“We are beckoned to see the world through a one-way mirror, as if we are threatened and innocent and the rest of humanity is threatening, or wretched, or expendable. Our memory is struggling to rescue the truth that human rights were not handed down as privileges from a parliament, or a boardroom, or an institution, but that peace is only possible with justice and with information that gives us the power to act justly.”
John Pilger

Tuesday, June 10, 2014

Não Vai Ter Copa Race, Class and the World Cup in Brazil

By MIKE LaSUSA

Counter Punch -  June 10, 2014

At 5pm local time on June 12, the national soccer teams of Brazil and Croatia will kick off the 2014 World Cup at the São Paulo Arena in Brazil’s largest city. The players will compete before a live crowd of tens of thousands and a televised audience of millions more.  At a total cost of roughly $11 billion - and at least eight workers’ lives – Brazil will host the most expensive World Cup in history. Though this is not to understate the scandalous unfolding atrocity in Qatar). Brazilians overwhelmingly supported bringing the event to their country when FIFA awarded them the honor in 2007 (no other nation in the Americas volunteered), but a recent poll from DataFolha indicates that a majority of citizens now oppose it.  Widespread anti-Cup protests have been roiling Brazil’s cities and social media networks for months. The demonstrators’ grievances range from public transportation fare hikes to inadequate wages, housing, education, security and healthcare, among other things.

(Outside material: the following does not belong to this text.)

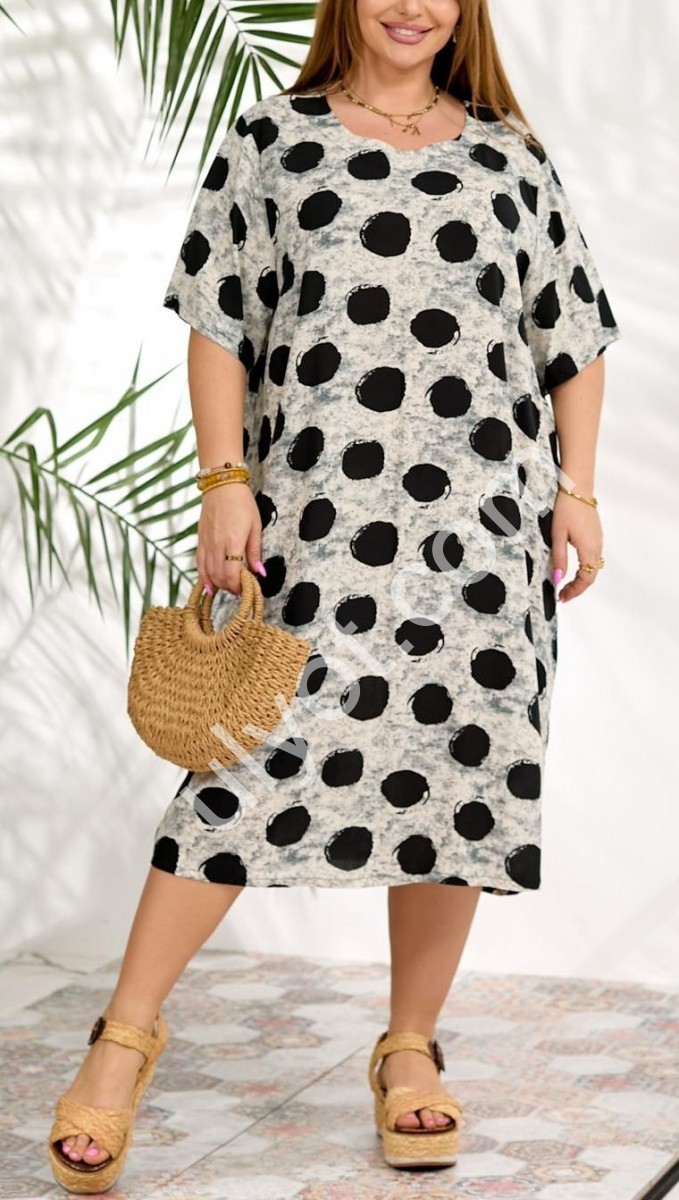 СУКНЯ (XL-4XL) ГОРОХ СВ.СІРИЙ 666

But as evidenced by their use of the slogan “Não vai ter Copa!” (“There will be no Cup!”), it is clear that they intend to use the lavish international spectacle both as a symbol of their concerns and a spotlight to shine on them.  On June 3, a group of anti-Cup activists inflated giant soccer balls in the capital city Brasilia. Protest organizer Antonio Carlos Costa told Agence France Presse, ”We want the Brazilian government to ask the nation’s forgiveness because it promised something it never delivered. It invested a fortune of public money in things that weren’t necessary.” A recent Pew poll found that 61% of respondents believed hosting the World Cup is a ”bad thing” “because it takes money away from public services.”